Not everybody loves the phrase smart beta, but the concept is getting a lot of attention. Here at Russell, we believe that, in a sense, it all started with the launch of the Russell 1000® and 2000® indexes thirty years ago.
Introducing the concept of smart beta was the task given to Erik Ristuben (Russell’s Chief Investment Strategist) earlier today. For a long time, factor exposures simply meant large/small and value/growth: a short list, although useful nonetheless. But not every investment strategy is explained by cap and style. There’s volatility, quality, momentum and many more. Indeed, today the list consists of hundreds or perhaps even thousands of potential exposures that can be measured and managed using a range of instruments from ETFs to futures and other derivatives. This is something of a quiet revolution in how portfolios are being managed.

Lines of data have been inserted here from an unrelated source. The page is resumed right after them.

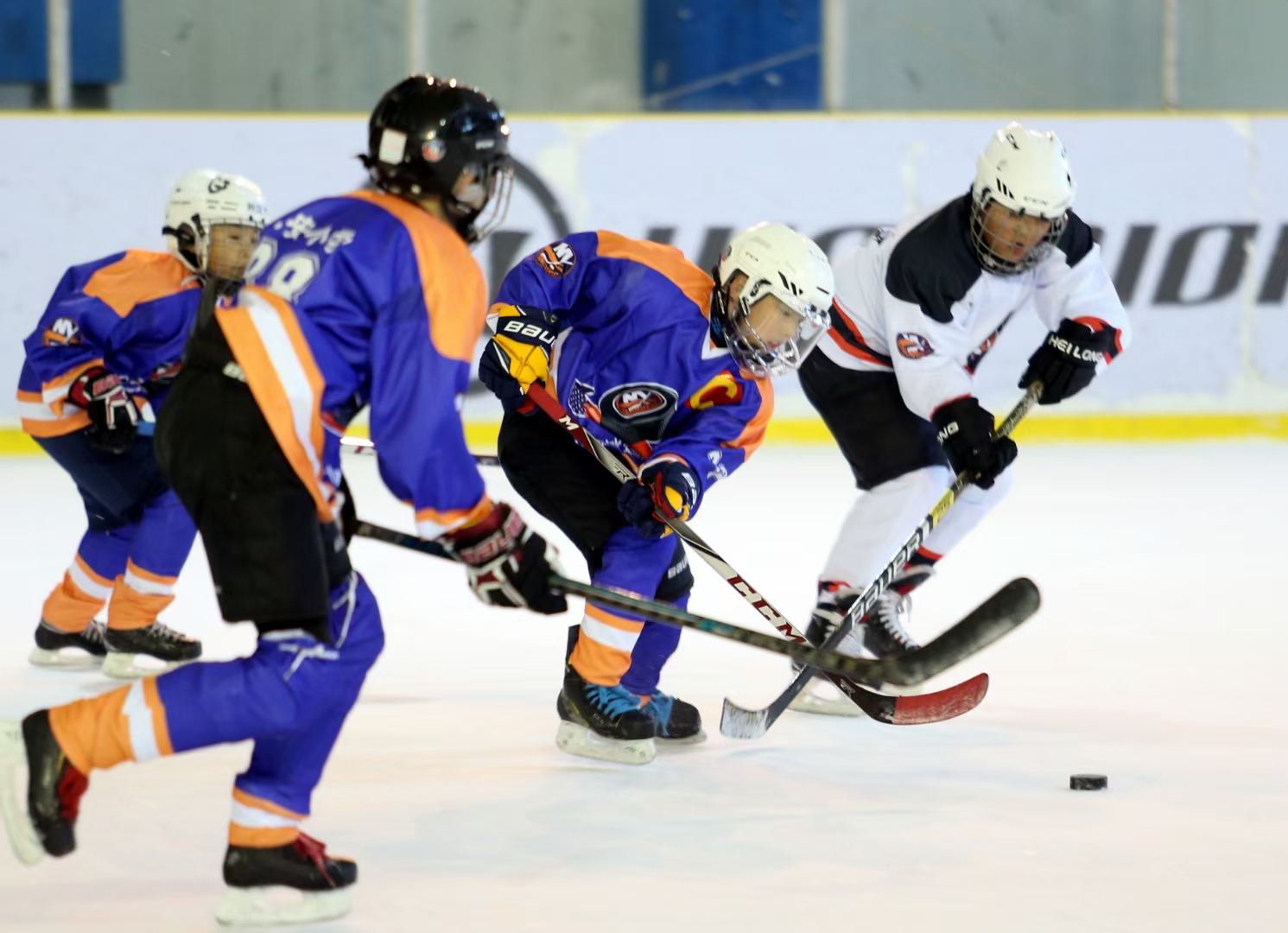 开云体育入口-冰球赛季收官，冠军榜单揭晓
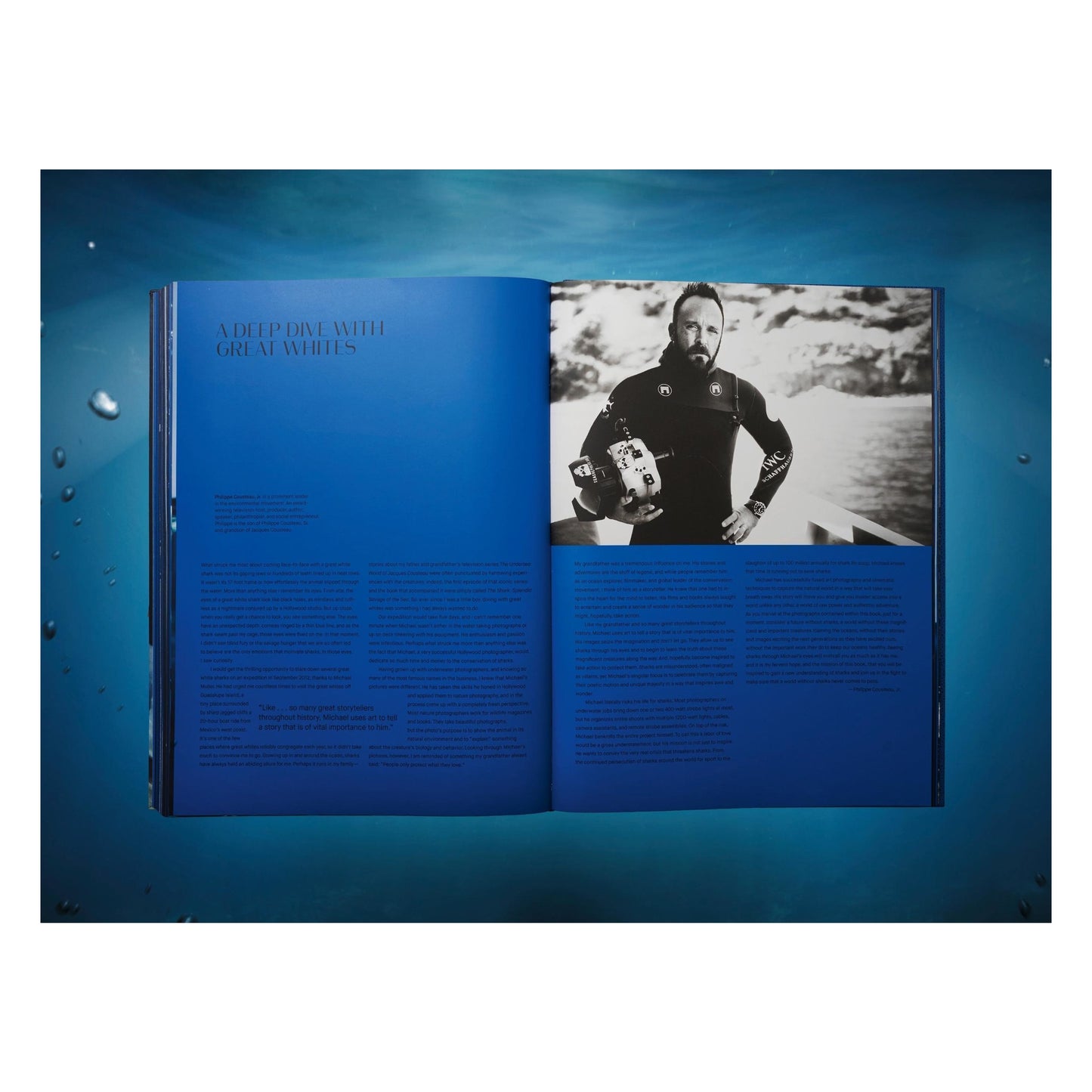 Michael Muller. Sharks, Art Edition No. 101–200 ‘Under Study’ (English) (AP)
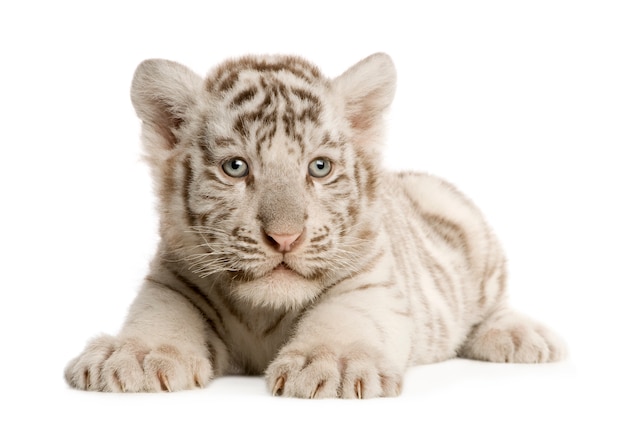 Photo white tiger cub (2 months) isolated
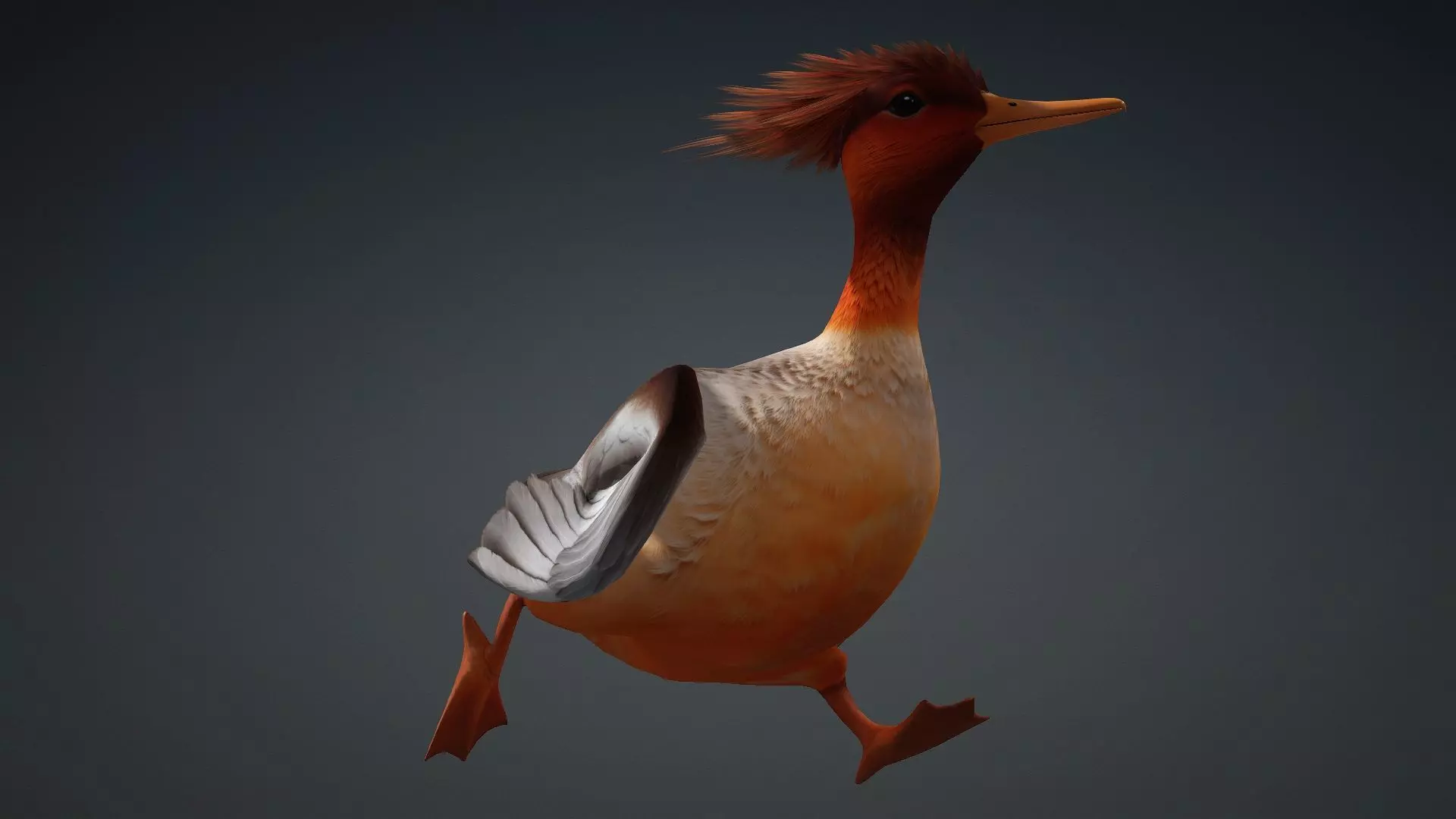 Duck-B4 3D model_8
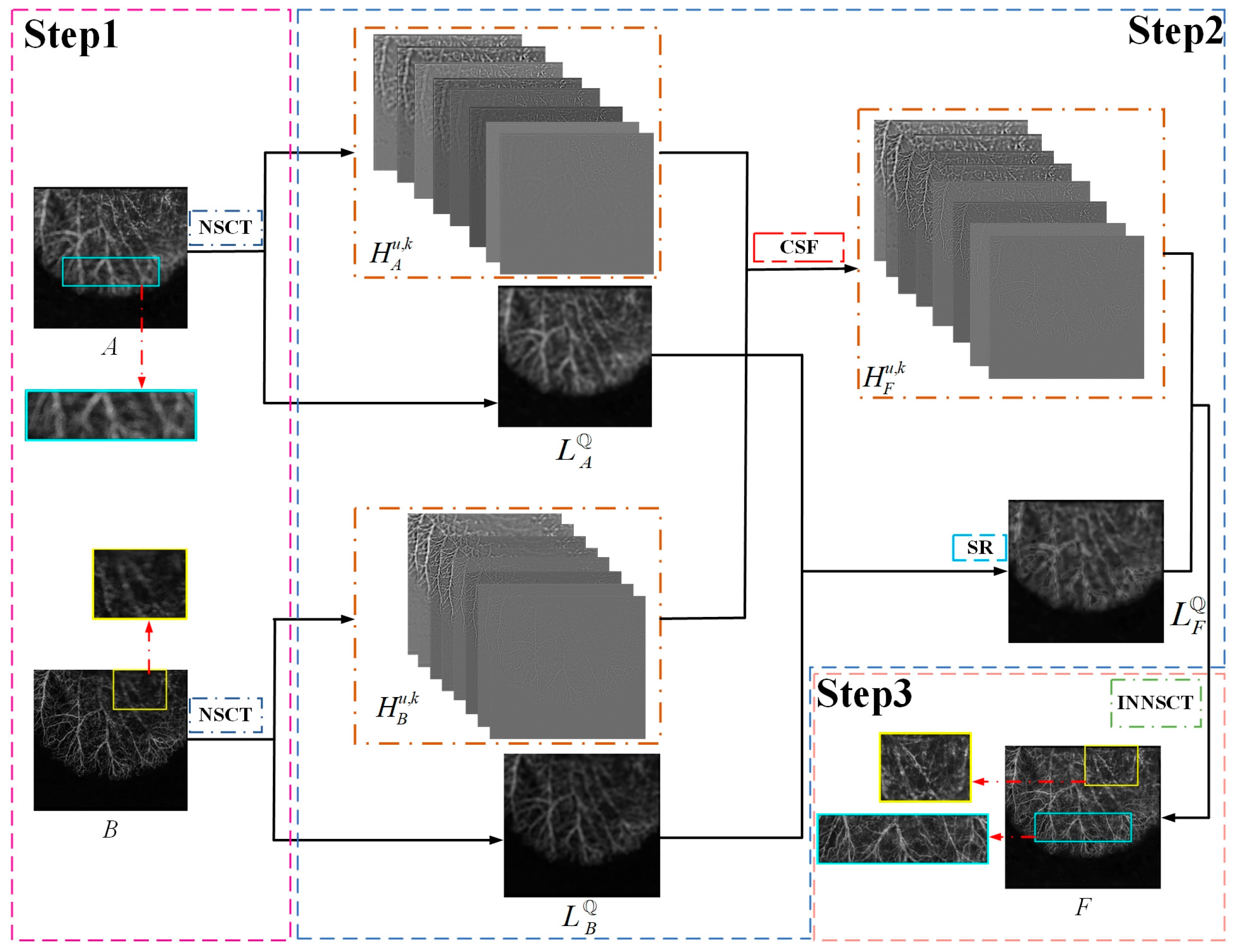 Entropy 25 00951 g002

Erik talked of “surgical precision”. In other words, these new tools allow investors to target specific factor exposures in a more precise fashion than they were ever able to in the past. And there are lots of reasons they might want to do that: because some factors can provide higher returns over a full market cycle; because factor return patterns are cyclical, creating the opportunity for dynamic positioning; because factors can oftentimes represent unintended residual risk positions that we’d prefer to eliminate in our portfolios.
Whatever the reason for wanting to manage these factor exposures, the ability to do so is a powerful thing. Like most toolkits, success depends on the skill of the user: smart beta is not a short cut to easy success in investment, but it is part of a better toolkit.